Be Yourself, Perjalanan Autentisitas Anak Muda yang Kadang Disalahartikan
Stoicism, stoik, atau stoisisme, yaitu sebuah filosofi yang mengajarkan kepada kita cara untuk menciptakan kehidupan yang penuh dengan kebahagiaan nyata.
Moh. Hairud Tijani
Pegiat Literasi Gen Z dan Mahasiswa Pengembangan Masyarakat Islam UIN Sunan Gunung Djati Bandung. Alumnus PP Annuqayah Madura.
26 November 2023
BandungBergerak.id – Ketika hidup di dunia yang semakin kompleks dan penuh dengan tekanan, sering kali kita merasa terjebak dalam konformitas sosial dan terus menerus berusaha memenuhi harapan orang lain. Dalam upaya untuk disukai, kita terkadang mengubah perilaku dan kepribadian kita yang sebenarnya. Namun, menjalani hidup seperti itu hanya akan menjadikan kita tidak bahagia dan tidak bisa mencapai potensi diri kita yang sebenarnya. Oleh karena itu, menjadi diri sendiri adalah sebuah seni yang harus dipelajari dan diamalkan untuk mencapai apa yang kita inginkan.

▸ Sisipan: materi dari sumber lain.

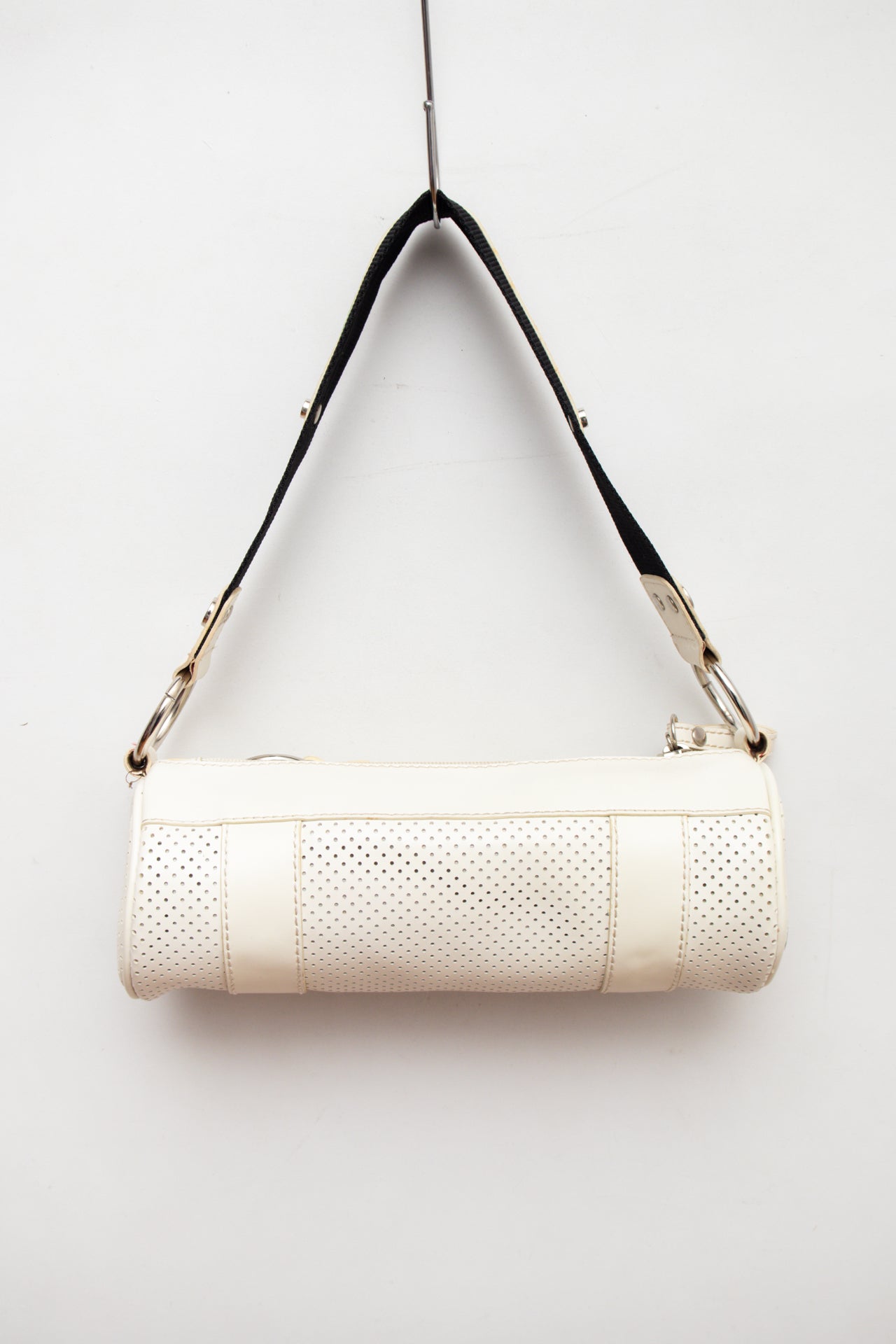 #248 Guess Y2K vegan leather cylinder bag | c. 158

Untuk membentuk jati diri dengan versi yang terbaik tidaklah semudah itu. Hal ini mengharuskan kita untuk mengenali serta menerima diri kita apa adanya. Ini membutuhkan kesabaran, tekad dan niat yang kuat untuk belajar tentang diri sendiri dan menghargai semua aspek ada pada diri kita. Ketika kita mulai mengenal diri sendiri, kita bisa merasakan kebebasan dan kebahagiaan yang sebelumnya tidak kita tahu.
Konsep Be Yourself di sini, bukan berarti kita tidak memperhatikan kebaikan orang lain atau berusaha untuk menghadapi kekurangan dan kesalahan kita. Sebaliknya, kita harus memahami bahwa setiap manusia memiliki kelemahan dan identitas tersendiri, dan terus berusaha meningkatkan value diri tanpa menyerah pada tekanan sosial dan standar yang diterapkan oleh masyarakat.

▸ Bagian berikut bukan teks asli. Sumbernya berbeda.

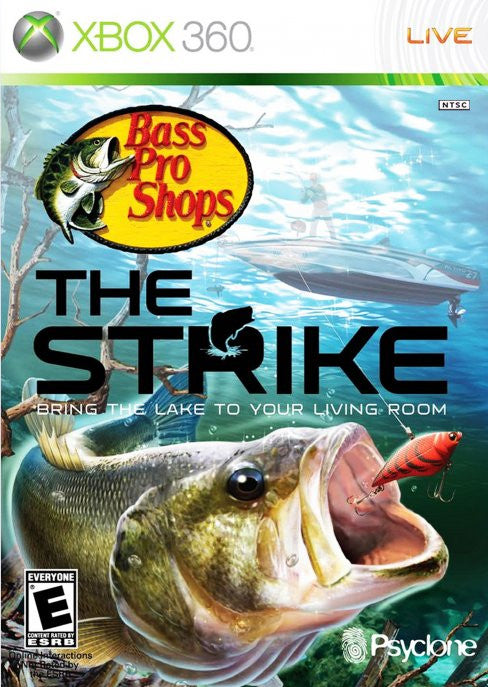 BASS PRO SHOPS: THE STRIKE - XBX360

Sebuah Alasan untuk Bermalas-malasan
Banyak orang berpikir bahwa menjadi diri kita sendiri adalah sebuah alasan yang tepat untuk menjadi lebih baik. Mereka berdalih bahwa jika mereka dibiarkan melakukan apa pun yang mereka inginkan dan tidak ada yang menuntut mereka untuk berubah, maka mereka bebas untuk merasa puas dengan diri mereka sendiri dan tidak perlu berusaha lebih keras. Namun, pandangan ini sebenarnya sangat keliru. Memang benar bahwa menjadi pribadi yang mencintai diri sendiri merupakan sesuatu yang penting dalam menjalani kehidupan, akan tetapi jika hal itu malah membuat kita menjadi malas dan terjebak dalam zona nyaman, maka tidak akan membawa kita menuju kebahagiaan ataupun keberhasilan.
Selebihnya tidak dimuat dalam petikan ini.